By: Bill Tholl, President & CEO, HealthCareCAN*
Much progress has been made to destigmatize mental health across Canada since the release of the Senate Committee report “Out of the Shadows at Last” in May 2006.i
Before the Senate report, there was the remarkable coming together of the Canadian Alliance for Mental Illness and Mental Health (CAMIMH). Created in the early 1990s, it has certainly helped rally disparate efforts to shine a light on mental health stigma; assisted the Senate Committee in its important work; and continues to advocate effectively for the cause of mental health.
Corporate Canada has also stepped up to the plate. Bell Canada and the tireless efforts of Clara Hughes and others have combined forces to make “Let’s Talk” the talk of the town. Out of tragedy we now see a focus on having candid conversations about teenage suicide with the Ottawa-based- “DIFD”campaign.
Other signs of significant progress include: the “I’m just not myself today” program by Partners for Mental Health and the rolling out of the Mental Health Commission of Canada’s (MHCC) standards for psychological health in the workplace. Partnerships are key, including the collaborative work of the MHCC and HealthcareCAN, the national voice of healthcare institutions across the country.

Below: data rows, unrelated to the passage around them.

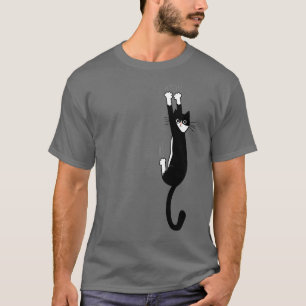 Svartvit katt på   Funny Tuxedo Cat T Shirt
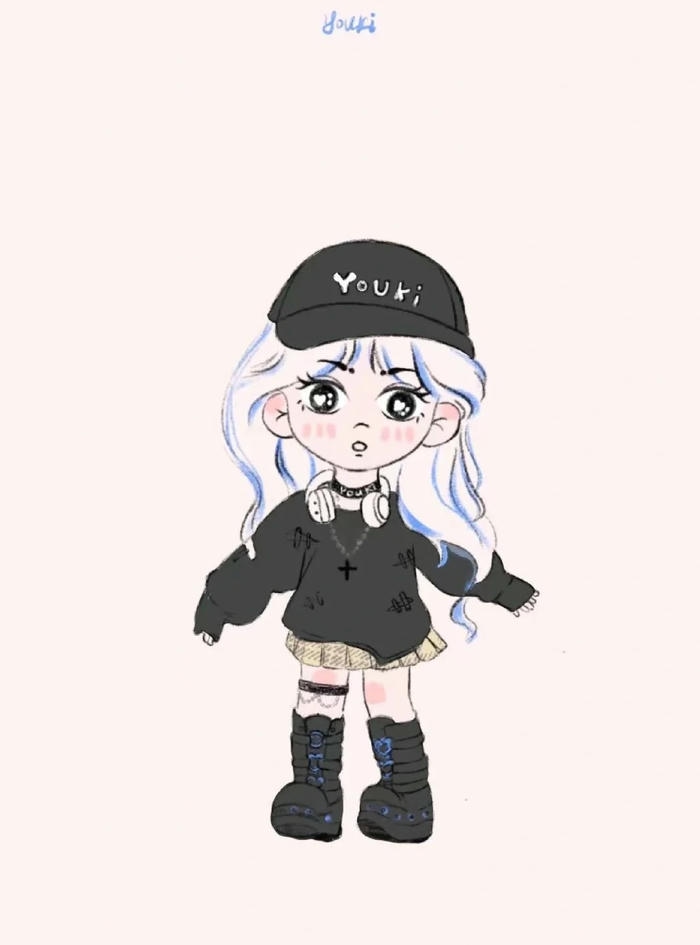 ảnh ngầu chibi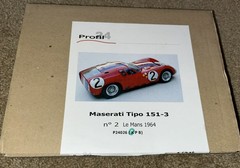 Profil 24 Maserati Tipo 151-3 No 2 Le Mans 1964 P24026 K Model Kit 1/24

Finally, and perhaps most significantly for the future, we have a comprehensive National Mental Health Strategy through the MHCC, whose mandate was just extended for another 10 years in the April 21, 2015 federal budget.
This is all great news. But there remains an embarrassing, longstanding legislative lapse. It goes back to a time when mental health was still very much in the shadows and at the bottom of the list of priorities of legislators. Many are surprised to learn, for example, that the Canada Health Act – CHA (1984) excludes freestanding mental health facilities under the definition of insured hospital services.

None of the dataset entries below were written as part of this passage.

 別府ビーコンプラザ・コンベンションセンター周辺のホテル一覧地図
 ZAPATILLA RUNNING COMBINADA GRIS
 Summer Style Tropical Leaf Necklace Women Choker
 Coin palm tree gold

Specially, under section 2 of the Act:
‘hospital’ includes any facility or portion thereof that provides hospital care, including acute, rehabilitative or chronic care, but does not include:
(a) a hospital or institution primarily for the mentally disordered, or
(b) a facility or portion thereof that provides nursing home intermediate care service or adult residential care service, or comparable services for children.”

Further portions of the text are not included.